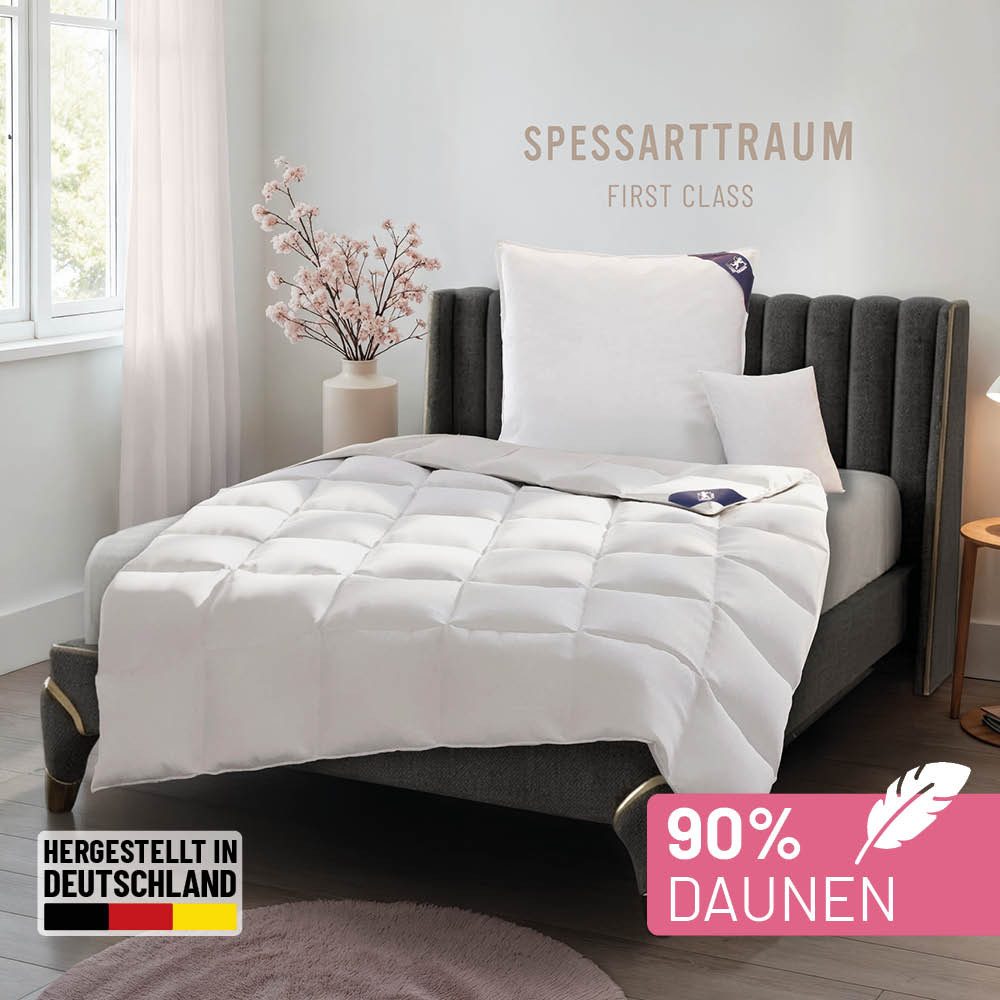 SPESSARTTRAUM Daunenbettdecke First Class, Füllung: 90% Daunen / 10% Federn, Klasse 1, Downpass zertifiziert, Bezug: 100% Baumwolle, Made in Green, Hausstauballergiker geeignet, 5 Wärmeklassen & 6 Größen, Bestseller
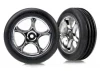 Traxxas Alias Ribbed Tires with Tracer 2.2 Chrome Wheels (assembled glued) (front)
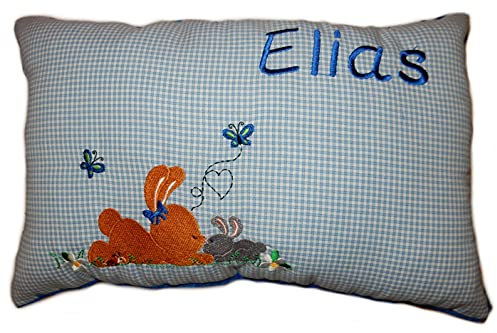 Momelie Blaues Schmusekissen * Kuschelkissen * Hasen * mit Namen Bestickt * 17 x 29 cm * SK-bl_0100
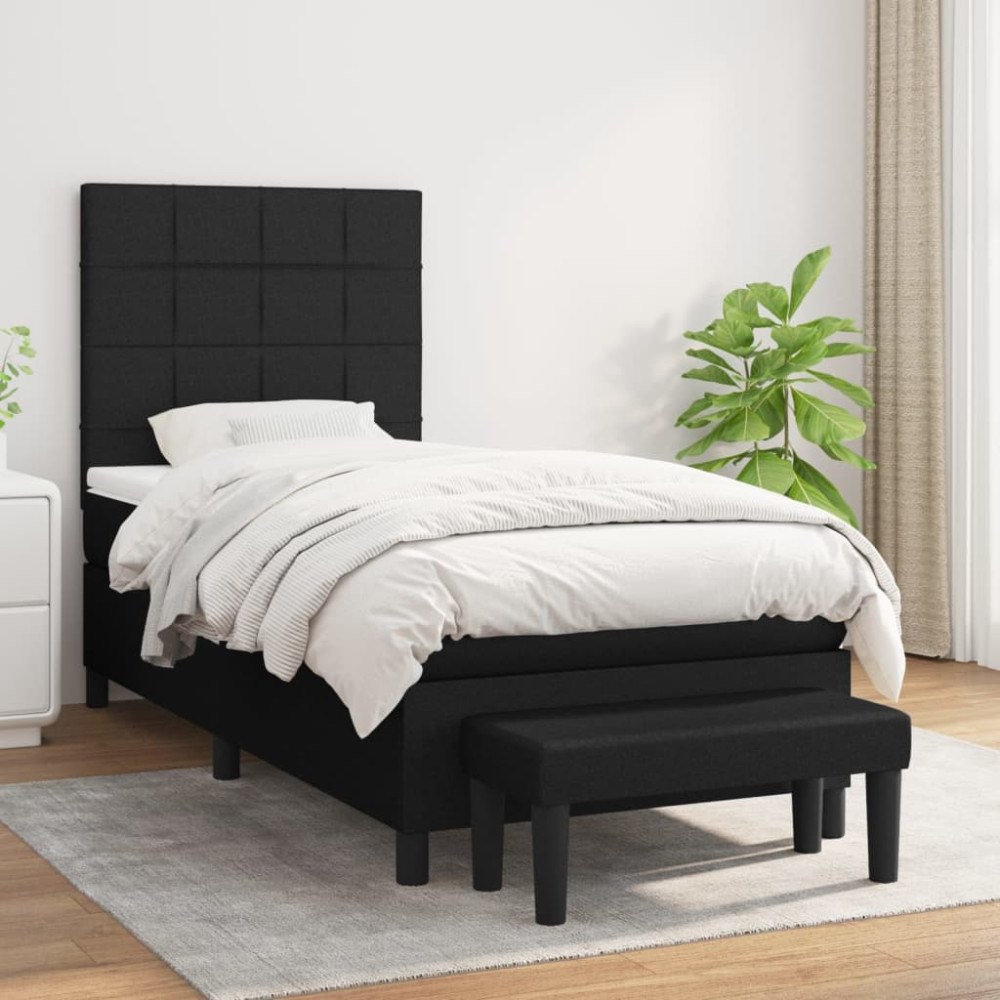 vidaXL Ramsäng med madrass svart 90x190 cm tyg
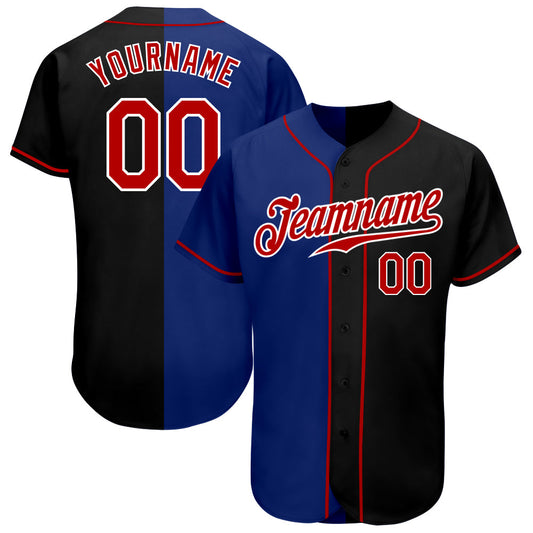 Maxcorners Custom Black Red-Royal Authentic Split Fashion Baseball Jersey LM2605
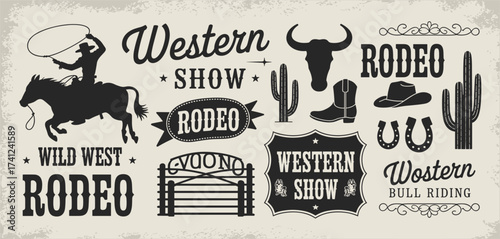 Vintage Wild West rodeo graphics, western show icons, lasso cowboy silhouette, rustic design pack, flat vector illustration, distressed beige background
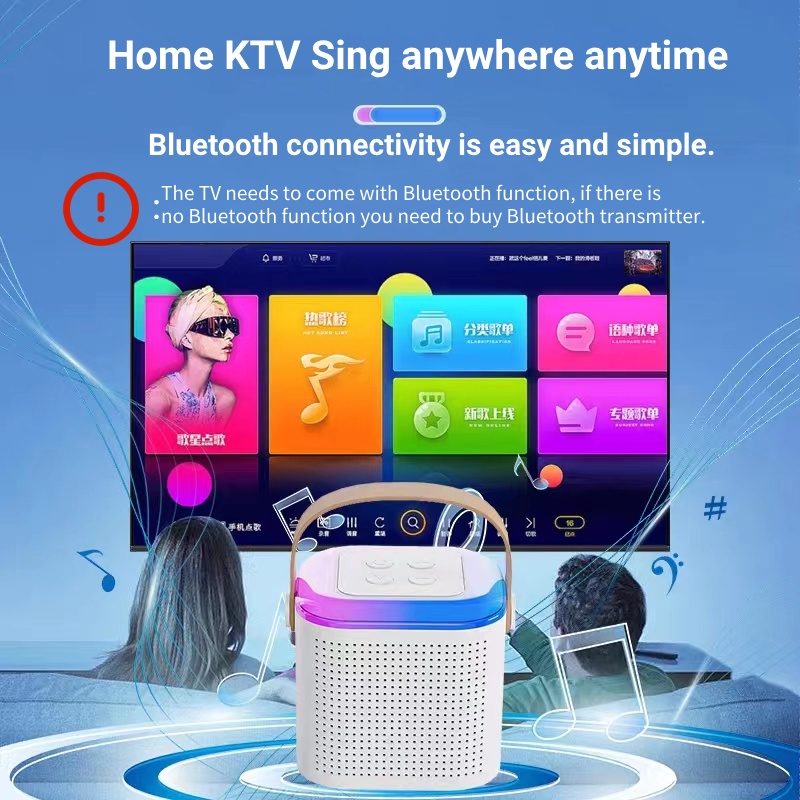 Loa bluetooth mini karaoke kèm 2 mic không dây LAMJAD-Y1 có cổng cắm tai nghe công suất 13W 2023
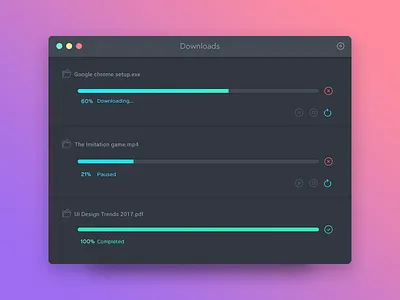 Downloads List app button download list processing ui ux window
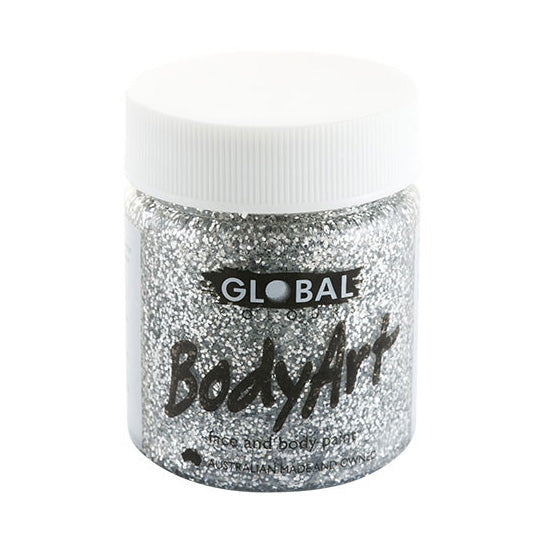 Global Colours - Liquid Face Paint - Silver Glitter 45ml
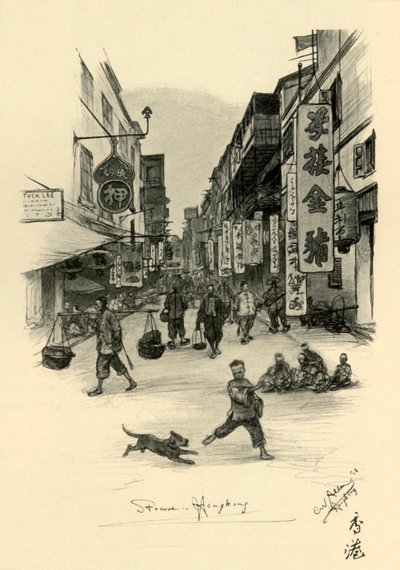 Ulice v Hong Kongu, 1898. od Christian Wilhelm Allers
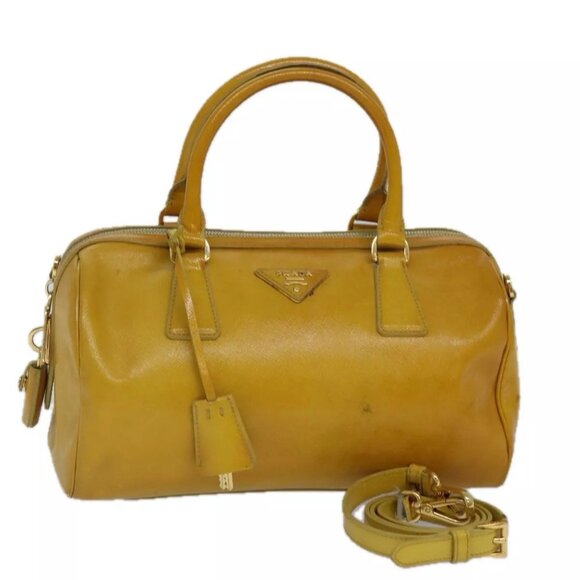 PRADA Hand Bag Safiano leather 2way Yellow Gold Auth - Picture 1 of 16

══════════════════════════════

Here the job is to print all the entries above exactly, minus the images.

EXERCISE RESPONSE:
 SPESSARTTRAUM Daunenbettdecke First Class, Füllung: 90% Daunen / 10% Federn, Klasse 1, Downpass zertifiziert, Bezug: 100% Baumwolle, Made in Green, Hausstauballergiker geeignet, 5 Wärmeklassen & 6 Größen, Bestseller
 Traxxas Alias Ribbed Tires with Tracer 2.2 Chrome Wheels (assembled glued) (front)
 Momelie Blaues Schmusekissen * Kuschelkissen * Hasen * mit Namen Bestickt * 17 x 29 cm * SK-bl_0100
 vidaXL Ramsäng med madrass svart 90x190 cm tyg
 Maxcorners Custom Black Red-Royal Authentic Split Fashion Baseball Jersey LM2605
 Vintage Wild West rodeo graphics, western show icons, lasso cowboy silhouette, rustic design pack, flat vector illustration, distressed beige background
 Loa bluetooth mini karaoke kèm 2 mic không dây LAMJAD-Y1 có cổng cắm tai nghe công suất 13W 2023
 Downloads List app button download list processing ui ux window
 Global Colours - Liquid Face Paint - Silver Glitter 45ml
 Ulice v Hong Kongu, 1898. od Christian Wilhelm Allers
 PRADA Hand Bag Safiano leather 2way Yellow Gold Auth - Picture 1 of 16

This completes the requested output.